The act of incorporation provides that the warrant shall issue under the seal as well as the hand of the justice, and it is contended the declaration is bad for not averring the fact. To this it is answered that the term warrant implies a seal, and hence an averment was unnecessary. A warrant in a criminal proceeding at common law must be under the seal of the magistrate issuing it, 2 Hawk. 85, 136; 4 Burns’ Just. 393; 4 Black. Comm. 291; and the fact would therefore be implied from the use of the term in such cases ; it would not be a warrant in the sense of the law unless sealed. This process, now frequently used in civil proceedings under various statutes, was taken from the criminal law ; and its import, as there defined, may well be regarded in its new office. Our statute has now dispensed with the seal in both civil and criminal courts in various instances. 2 R. S. 267, § 232. Id. 706, § 3. If we are right in this view, then though the plea alleges the warrant to have been issued under the hand of the magistrate, without the addition of the words and seal, still this does not necessarily negative that fact, if fairly implied ; as the term imports the seal, all that was material to aver was the issuing of the warrant by the magistrate as set forth ; the rest follows.

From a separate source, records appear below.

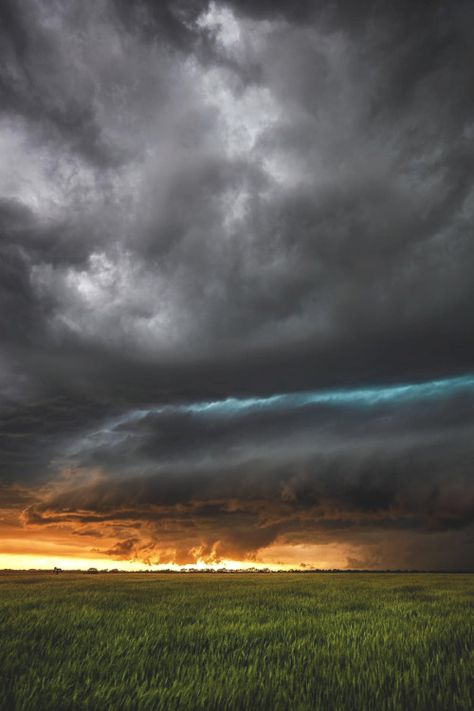 Stormy Sunset, Weather Storm, Monsoon Season, Skagit Valley, The Aliens, Stormy Weather, Beautiful Photos Of Nature, Cuteness Overload, Colorful Pictures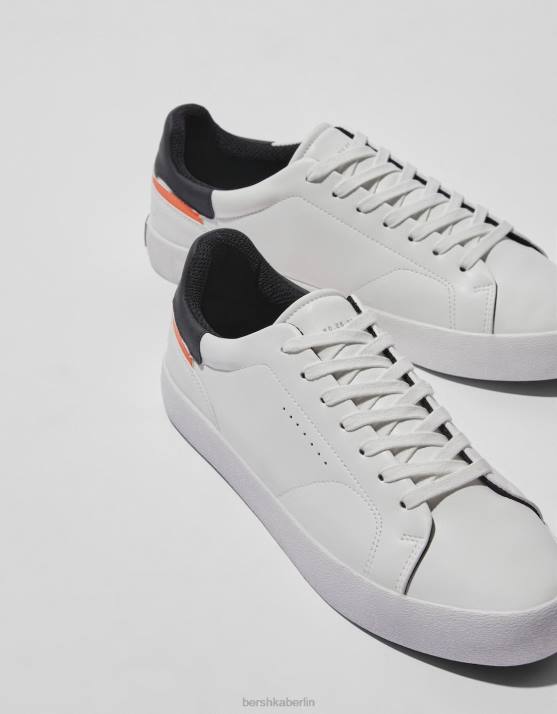 Weiss Bershka Männer kontrastierende Turnschuhe H00J3496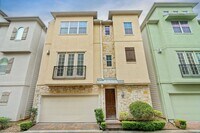 Building Photo - 2820 Sherwin St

The statute dispensing with the seal sustains this view of the import of the term ; for otherwise it would have been unnecessary.

It is also contended that there should have been an averment in the plea, that the Hudson Aqueduct Company had been organized. It sets forth that R. Jenkins and others, his associates, &c. were created and declared to be a body corporate and politic in fact, by the name of the 11 President and Directors of the Hud*69son Aqueduct Company. ” This is sufficient. On recurring to the act itself, it will appear that this averment is not too strong ; that no steps were necessary to vest the company with corporate powers," or made a condition precedent to the right to impose and collect the tax for the use of the water.

The rate or tax was not to exceed nine per cent, on the moneys actually expended in making the aqueducts and furnishing the water, together with compensation to a few of their officers. The demurrer admits the furnishing of the water by the company and the use of it by the plaintiff; and the right to the tax necessarily follows. The company is thus shown to be a corporate body, and a general performance of the services for which the tax may be levied. It certainly cannot be necessary to set forth the particular steps in the performance of the service.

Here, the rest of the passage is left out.